Apache Cassandra 0.8 Documentation

Keyspace and Column Family Storage Configuration

Many aspects of storage configuration are set on a per-keyspace or per-column family basis. These attributes can be manipulated programmatically, but in most cases the practical method for defining keyspace and column family attributes is to use the Cassandra CLI or CQL interfaces.

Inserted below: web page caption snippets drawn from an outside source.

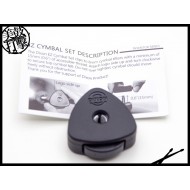 DIXON 快拆銅鈸鎖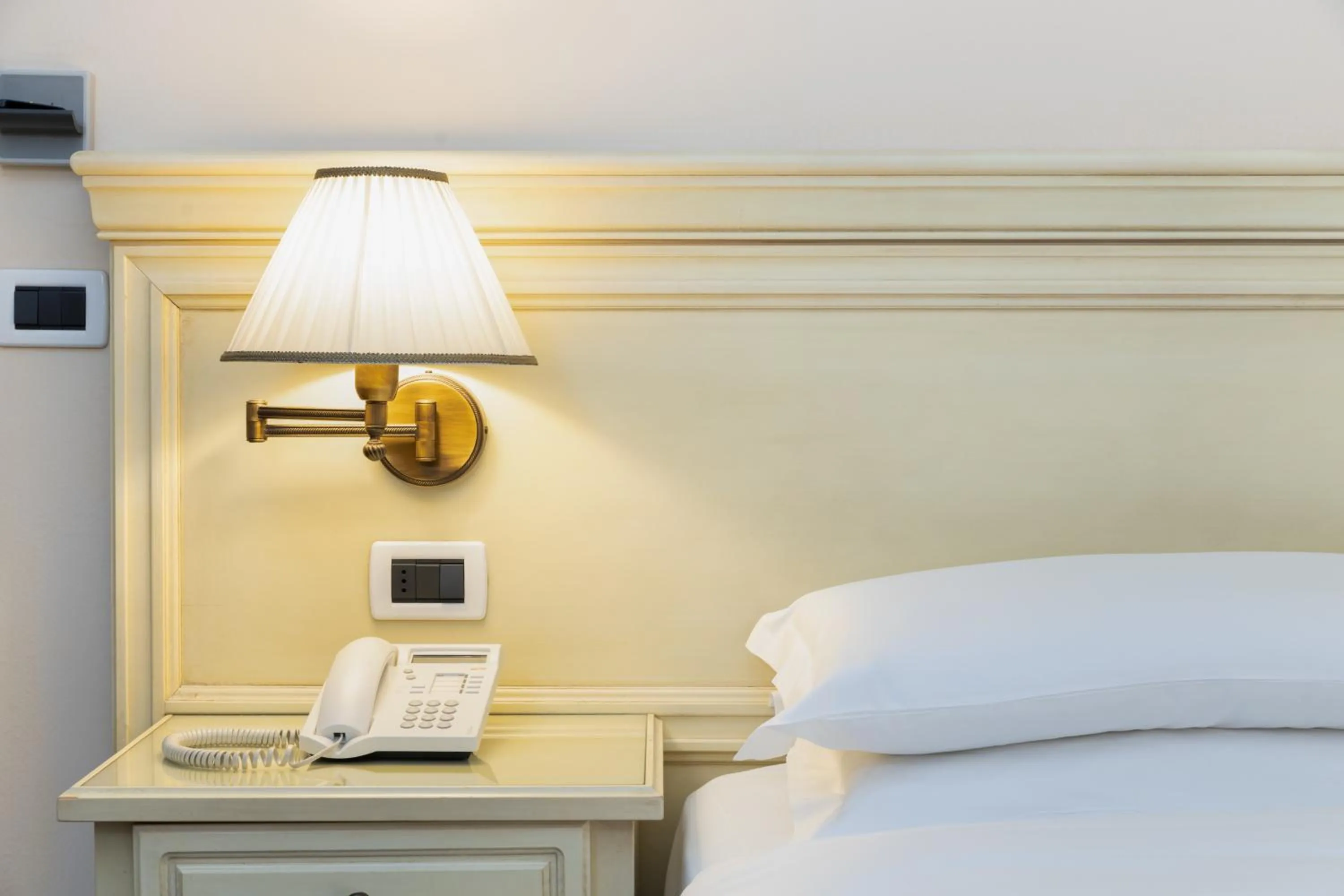 Bed in Hotel Alle Acque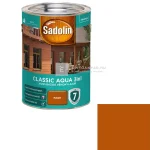 Sadolin Classic Aqua vékonylazúr selyemfényű mahagóni 5 l Különleges ajánlat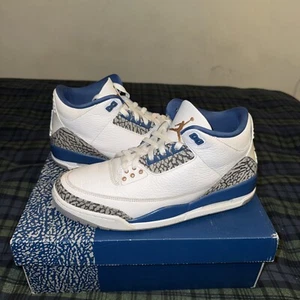 Size 9.5 - Jordan 3 Retro Mid Washington Wizards CT8532 148 - Picture 1 of 11
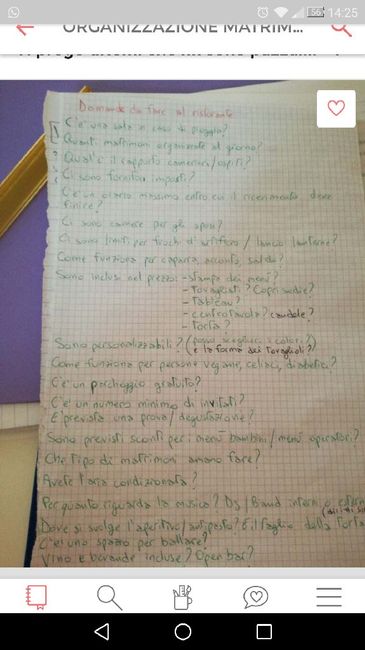 Scelta ristorante - 1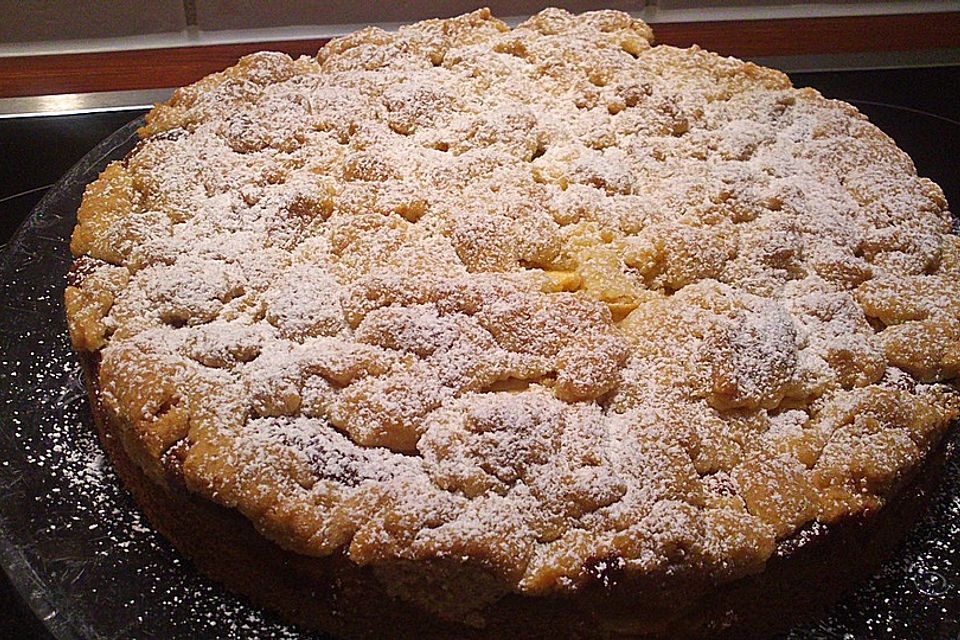 Apfel - Streusel - Kuchen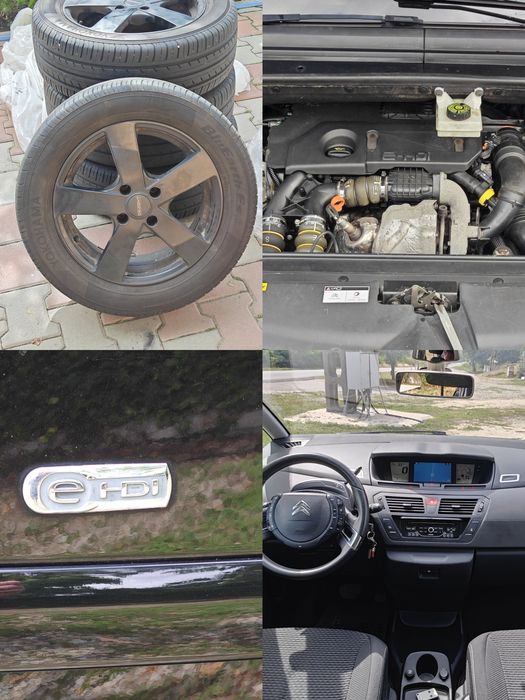 CITROËN C4 Grand Picasso 2013 — imagine 4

Prior to release 0.7.3, keyspace and column family attributes could be specified in cassandra.yaml, but that is no longer true in 0.7.4 and later. These attributes are now stored in the system keyspace within Cassandra.

Note

The attribute names documented in this section are the names as they are stored in the system keyspace within Cassandra. Most of these attributes can be set in the various client applications, such as Cassandra CLI or CQL. There may be slight differences in how these attributes are named depending on how they are implemented in the client.

Keyspace Attributes

A keyspace must have a user-defined name and a replica placement strategy. It also has replication strategy options, which is a container attribute for replication factor (required) or the number of replicas per data center (optional).

Option Default Value
ks_name n/a (A user-defined value is required)
placement_strategy org.apache.cassandra.locator.SimpleStrategy
strategy_options n/a (container attribute)
column_families n/a (container attribute)

name

Required. The name for the keyspace.

placement_strategy

Required. Determines how replicas for a keyspace will be distributed among nodes in the ring.

Allowed values are:

  • org.apache.cassandra.locator.SimpleStrategy
  • org.apache.cassandra.locator.NetworkTopologyStrategy
  • org.apache.cassandra.locator.OldNetworkTopologyStrategy (deprecated)

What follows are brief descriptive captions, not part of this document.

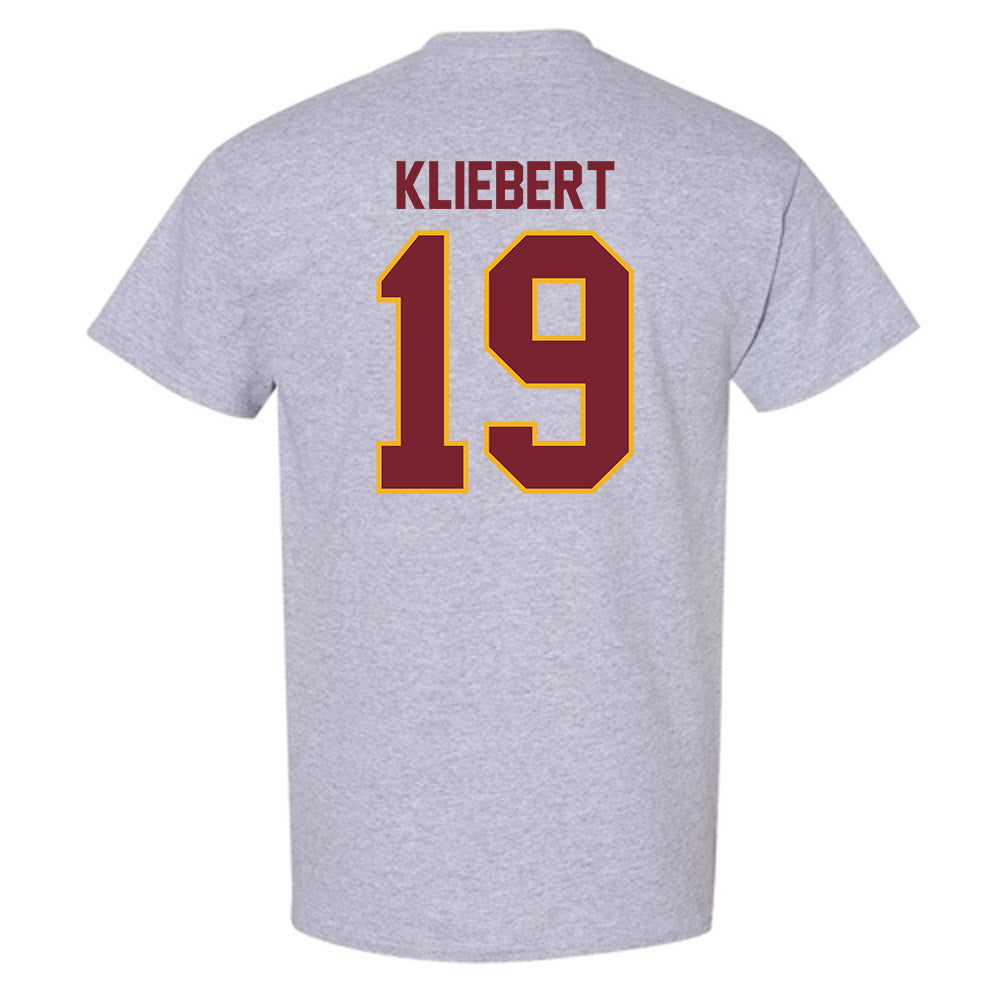 Winthrop - NCAA Men's Soccer : Pierson Kliebert - Classic Shersey T-Shirt-1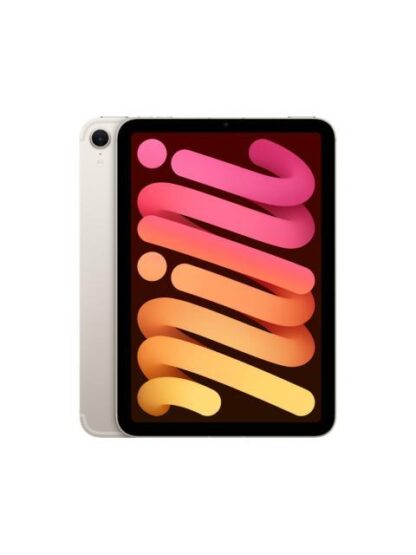 APPLE IPAD MINI A17 PRO RETINA 8.3 256GB WIFI + CELLULAR BLANCO ESTELAR (7.ª GENERACION - OCTUBRE 2024) - Image 2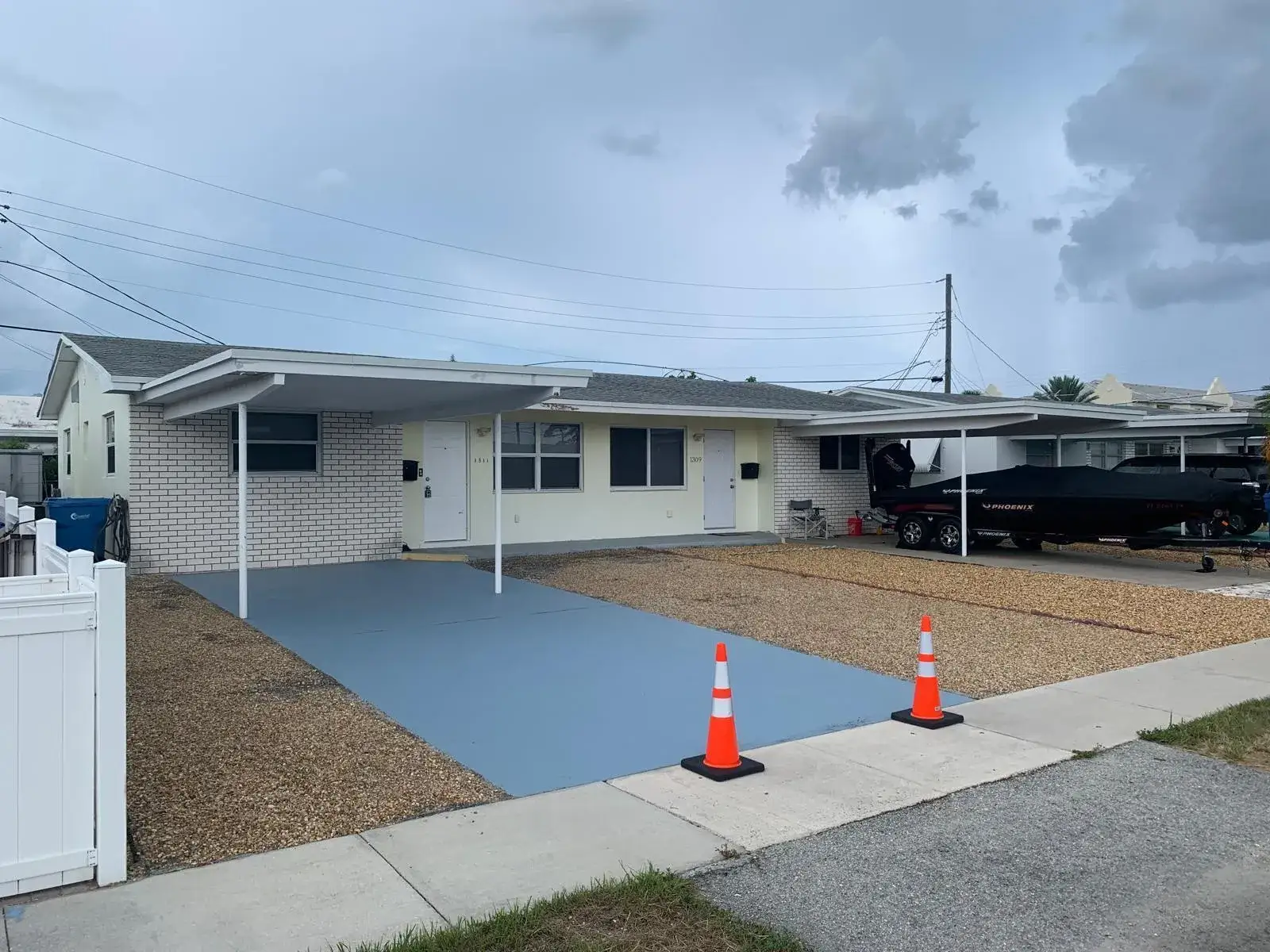2 bedroom 1 bath Residential Lease for rent at 1311 Alho Drive, Lantana FL 33462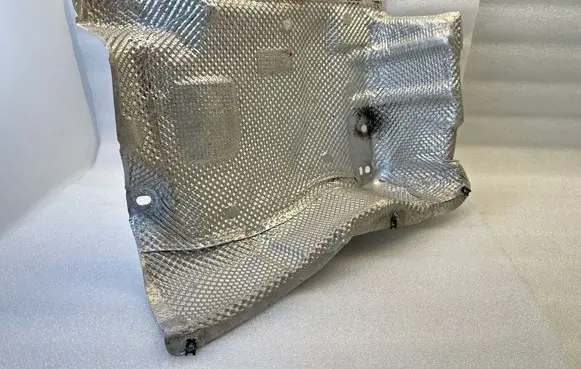 Audi A6 Allroad C7 Exhaust heat shield 4G0804173H
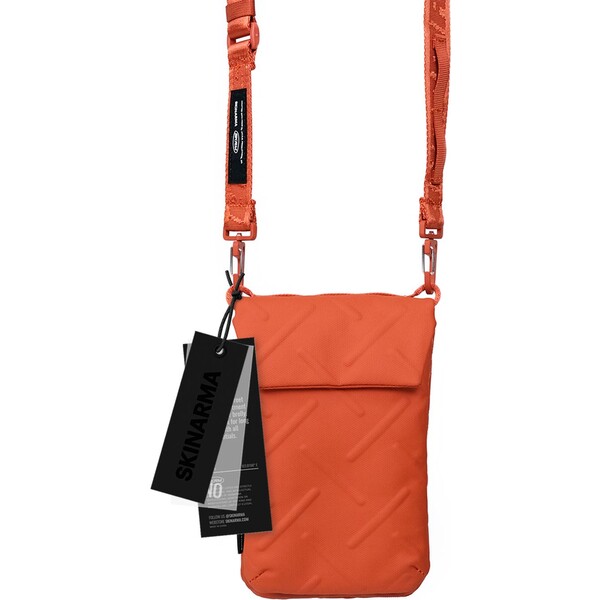 SKINARMA-Utility-Sling-Bag-Juno-Crossbody-oranzove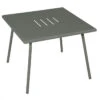 Table Basse De Jardin FERMOB Monceau 57 X 57 Cm - Romarin -Fermob 484148 table jardin fermob monceau 57 57 cm romarin
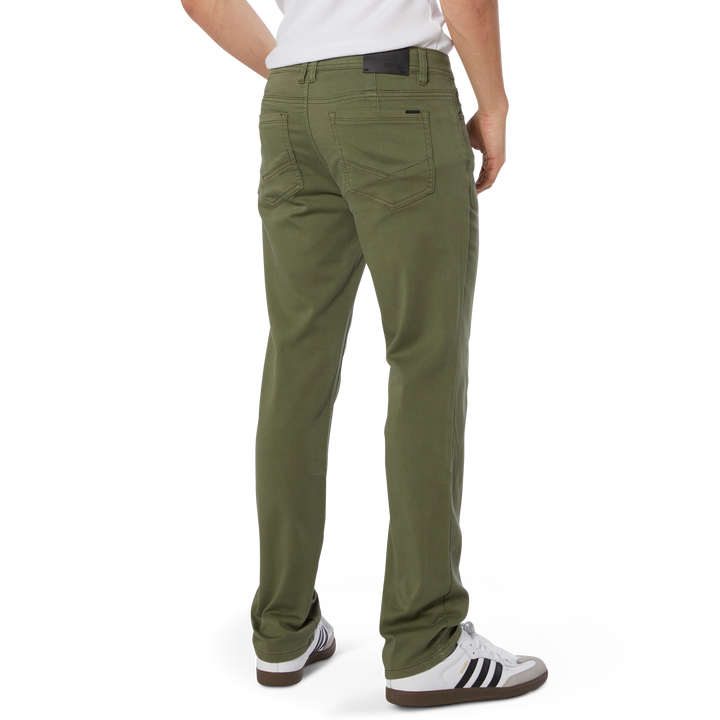 NOW DENIM - MILITARY GREEN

These options are described in detail in the replication section.

Note

NetworkTopologyStrategy and OldNetworkTopologyStrategy require a properly configured snitch to be able to determine rack and data center locations of a node (see endpoint_snitch).

strategy_options

Specifies configuration options for the chosen replication strategy.

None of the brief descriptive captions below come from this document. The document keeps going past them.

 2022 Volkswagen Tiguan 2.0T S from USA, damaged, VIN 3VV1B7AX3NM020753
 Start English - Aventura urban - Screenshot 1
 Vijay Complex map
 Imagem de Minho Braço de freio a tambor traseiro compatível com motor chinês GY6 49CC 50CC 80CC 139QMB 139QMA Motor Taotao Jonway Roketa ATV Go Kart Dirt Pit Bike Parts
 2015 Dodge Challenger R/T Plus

For SimpleStrategy, it specifies replication_factor in the format of replication_factor:number_of_replicas.

For NetworkTopologyStrategy, it specifies the number of replicas per data center in a comma separated list of datacenter_name:number_of_replicas. Note that what you specify for datacenter_name depends on the cluster-configured snitch you are using. There is a correlation between the data center name defined in the keyspace strategy_options and the data center name as recognized by the snitch you are using. The nodetool ring command prints out data center names and rack locations of your nodes if you are not sure what they are.

See Choosing Keyspace Replication Options for guidance on how to best configure replication strategy and strategy options for your cluster.

Setting and updating strategy options with the Cassandra CLI requires a slightly different command syntax than other attributes; note the brackets and curly braces in this example:

[default@unknown] CREATE KEYSPACE test
WITH placement_strategy = 'NetworkTopologyStrategy'
AND strategy_options=[{us-east:6,us-west:3}];

column_families

A keyspace does not strictly require column families in order to exist as a valid keyspace. In this sense, column families are optional. In a practical sense, most useful keyspaces will contain column families, whose elements are detailed below.

Column Family Attributes

The following are required attributes of the ColumnFamily element, which itself is only valid within a Keyspace element.

Option Default Value
cf_name n/a (A user-defined value is required)
comparator BytesType
column_type Standard
compare_subcolumns_with BytesType
keys_cached 200000
rows_cached 0 (disabled by default)
row_cache_provider ConcurrentLinkedHashCacheProvider
comment n/a
read_repair_chance 1.0 (always on)
gc_grace_seconds 864000 (10 days)
default_validation_class n/a
key_validation_class n/a
min_compaction_threshold 4
max_compaction_threshold 32
row_cache_save_period_in_seconds n/a
key_cache_save_period_in_seconds n/a
memtable_flush_after_mins 1400 (1 day)
memtable_throughput_in_mb 1/16 of the Java heap size
memtable_operations_in_millions throughput / 64 * 0.3
column_metadata n/a (container attribute)

name

Required. The user-defined name of the column family.

comparator

Defines the data types used to validate and sort column names. There are several built-in column comparators available.

column_type

Defaults to Standard for regular column families. For super column families, use Super.

compare_subcolumns_with

Required when column_type is “Super”. Same as comparator but for sub-columns of a SuperColumn.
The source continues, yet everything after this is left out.